TVA's new CEO and President Jeff Lyash sits down with Memphis media to talk about energy, the environment and economic development in Memphis.
Reporters from The Daily Memphian, the Tri-State Defender and Memphis Business Journal jotted down notes as Lyash — a third-generation utility industry worker — started the conversation with his personal life. Married to a “Pennsylvania girl” from his hometown for 37 years, Lyash, who is also an engineer, spent a lot of time in North Carolina while working for Progress Energy. His two children and nine grandchildren are still there today.
“It’s nice to do a job I’ve always wanted to do and to do it close enough to the grandkids where we can jump into the car and get over to the mountains to see them,” he began.
The burning question about Memphis Light, Gas & Water (MLGW) — one of TVA’s largest customers now researching other power providers — also led the conversation. Lyash identified MLGW as the reason why Memphis topped his travel itinerary.
“I’ve spent some time talking to the CEO of MLGW and some elected officials, and Memphis has some important decisions to make — decisions that are rightfully yours. My interest is to make sure the decision makers in the community have all the information they need to make the best decision. I hope that we work through the current issues in Memphis, and I look forward to the day when we’re talking about what the future looks like, instead of the past because there is lots of opportunity,” he said.
Lyash went on to predict substantial and more rapid changes coming to the utility industry over the next 20 years. Stressing the value of an integrated energy network, Lyash said he believes technology is essential to the future, and companies that are committed to a long-term view and investment will harness technology to create a more integrated energy network.
Another priority Lyash discussed was environmental stewardship, which he defined as TVA’s priority but everyone’s responsibility. “We, all together, need to continue on the path to reducing the impact of energy and how we use it on the environment around us, but we’ve got to do it in a way that preserves our reliability, quality, the economic development advantage for the Valley, and the affordability for the people who live here.”
Specifically regarding environmental concerns around the now-decommissioned Allen Fossil Plant, Lyash said TVA is committed to doing the right thing.

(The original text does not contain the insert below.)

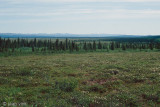 Landscape along the Nome-Council road - Landschap langs de Nome-Council weg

“TVA has a responsibility, and we’re environmental stewards. The issues around coal combustion and its byproducts aren’t just TVA issues; they are issues across the United States. Plants like Allen Fossil were built to serve an important purpose during the time in which they were built, and they helped to improve people’s lives for decades. Now, we have to responsibly manage the coal ash, and we’re going to do that at Allen.”
Other topics included energy efficiency, the proposition to sell TVA’s transmission assets, TVA’s inclusion of minority communities, recent reductions to TVA’s debt, the future affordability of power and TVA’s diverse portfolio of power resources.
“Bill and the team did an excellent job. Now, my job will be to help raise the bar on operational excellence, getting world-class level performance from TVA’s assets, and to help TVA face upcoming decades of change,” Lyash concluded.